A transgressão das próprias convicções é o maior desafio lançado ao ser humano que deseja evoluir, pois ele terá de sair de sua cômoda posição para a luta, que é um processo instável em busca de um novo equilíbrio. Trair a nós mesmos e nos surpreendermos conosco é algo de grande força.
Na trajetória da sobrevivência, a “mesmice” muitas vezes é o caminho curto, o mais simples, e, também, o que tem os custos mais elevados, é o curto caminho longo. Ir pelo caminho mais simples e mais curto é uma lei evolucionista, o ser humano tende a se mover na direção mais imediata e curta. Porém as chances de sobrevivência dos que percorrem este caminho são bem menores, normalmente são sobreviventes aqueles que optam pelo longo caminho curto.As encruzilhadas que a vida nos traz são de grande importância, elas são mais que meras opções de acesso pelo longo caminho curto ou pelo curto caminho longo, são opções de sobrevivência, onde o curto caminho longo pode não levar a lugar algum.
Viver exige sacrifícios, mas devemos ter cuidado para não nos sacrificarmos ao nada. Não podemos temer o que os outros irão pensar. Não devemos temer nossa própria auto-imagem, pois esta, tal como nossa moral, é um instrumento do corpo que não aceita se ver em “outro” corpo.
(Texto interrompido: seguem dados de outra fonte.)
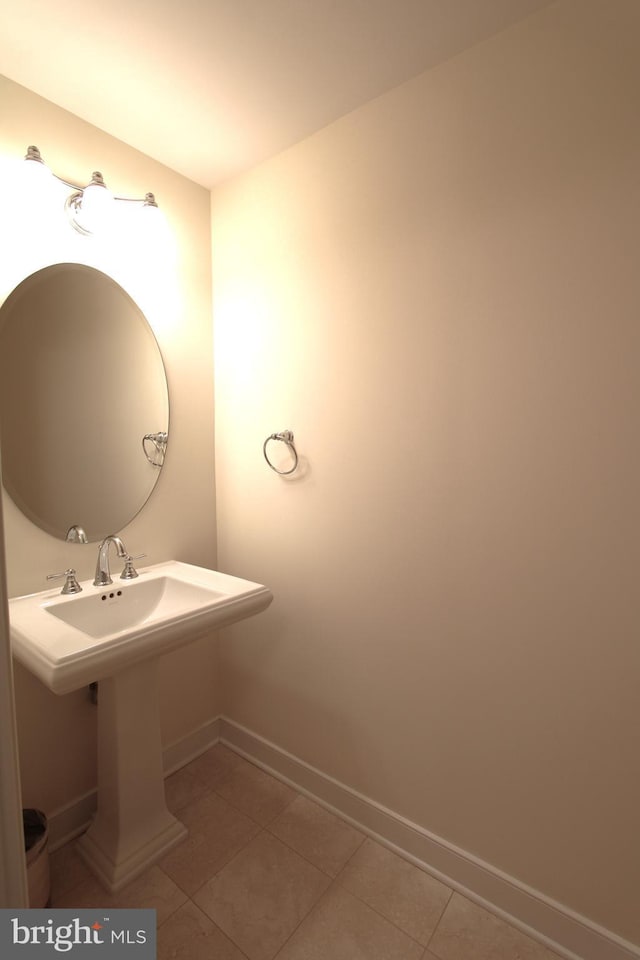 12500 Park Potomac Ave Unit 409, Potomac, MD 20854 - bathroom featuring baseboards and tile patterned flooring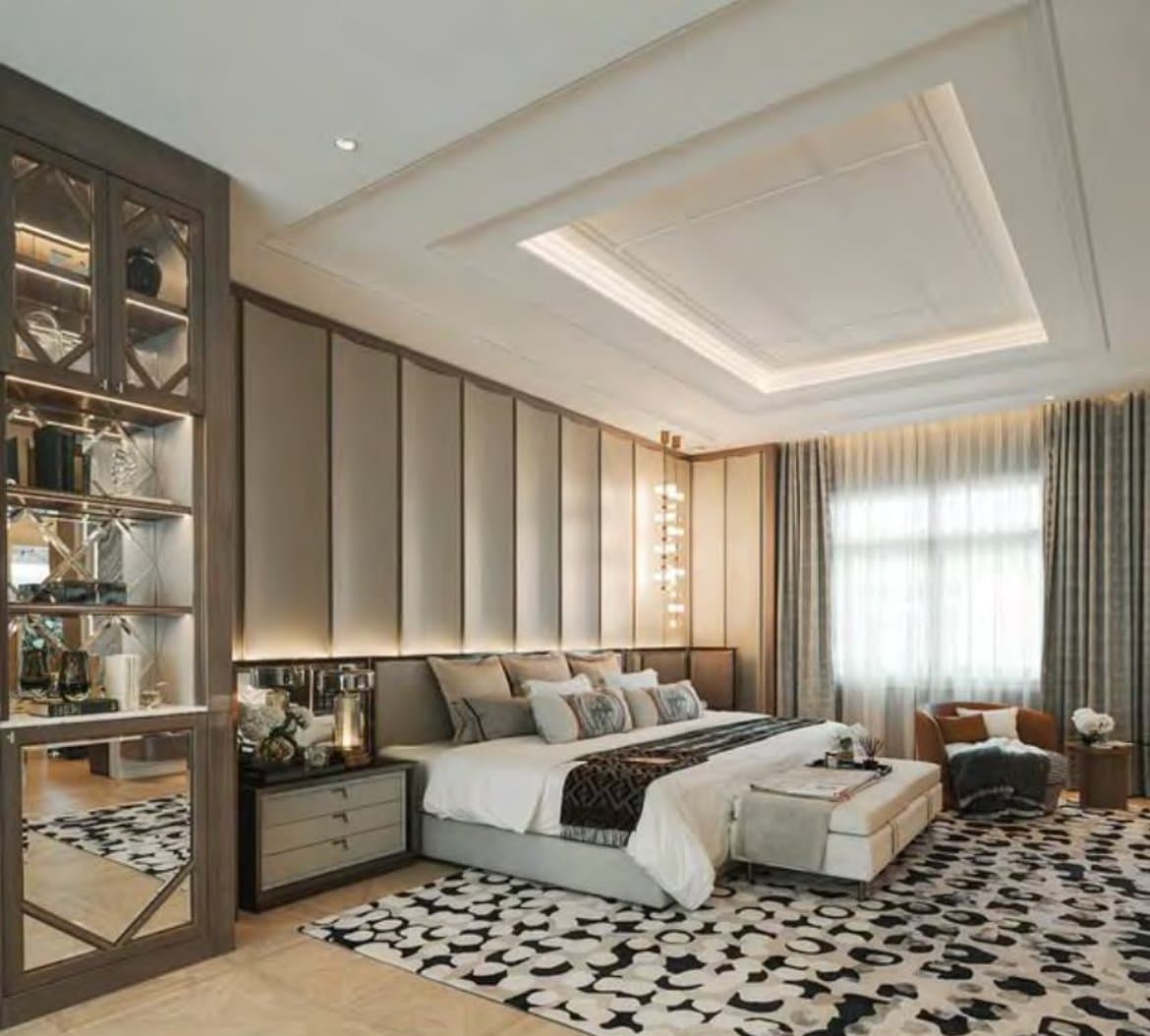 Master bedroom with a channel-panelled bed wall, tray ceiling in cove light, a mirrored display cabinet and a spotted monochrome rug.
A vida saberá nos julgar não apenas pelas “perversidades” que acreditamos poder evitar, mas também pelas “tolices” que nos permitimos.Aquele que não faz uso de todo o potencial de sua vida, de alguma maneira diminui o potencial de todos os demais. Se fôssemos todos mais corajosos e temêssemos menos a possibilidade de sermos perversos, este seria um mundo de menos interdições desnecessárias e de melhor qualidade.
Construir algo é saber destruí-lo a seu tempo. Somente no dia em que a traição não ferir o traído ou a tradição, mas despertar ambos para novas possibilidades que se descortinam através dela, surgirá um mundo muito além da tolerância – um mundo de apreciação.